### [Data provided]
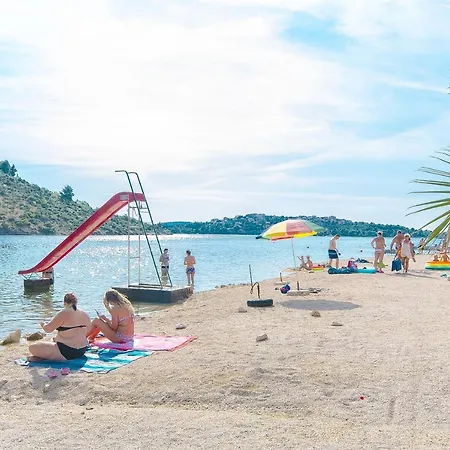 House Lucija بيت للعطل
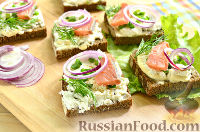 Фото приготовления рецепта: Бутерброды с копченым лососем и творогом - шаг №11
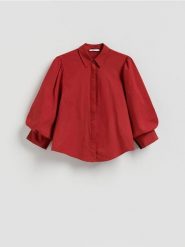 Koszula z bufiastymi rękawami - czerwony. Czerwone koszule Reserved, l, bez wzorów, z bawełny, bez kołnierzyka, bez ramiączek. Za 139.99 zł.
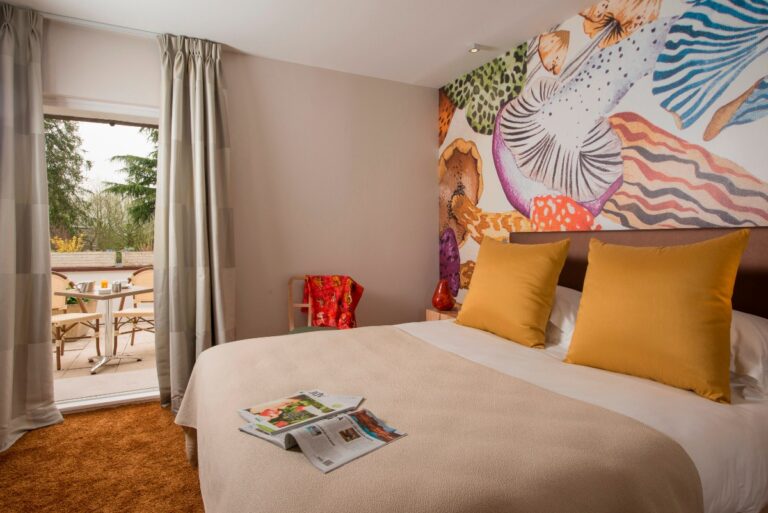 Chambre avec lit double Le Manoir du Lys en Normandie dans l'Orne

### [What you should do]
Return the whole of the material above exactly, with no picture carried over.

### [Answer space]
 House Lucija بيت للعطل
 Фото приготовления рецепта: Бутерброды с копченым лососем и творогом - шаг №11
 Koszula z bufiastymi rękawami - czerwony. Czerwone koszule Reserved, l, bez wzorów, z bawełny, bez kołnierzyka, bez ramiączek. Za 139.99 zł.
 Chambre avec lit double Le Manoir du Lys en Normandie dans l'Orne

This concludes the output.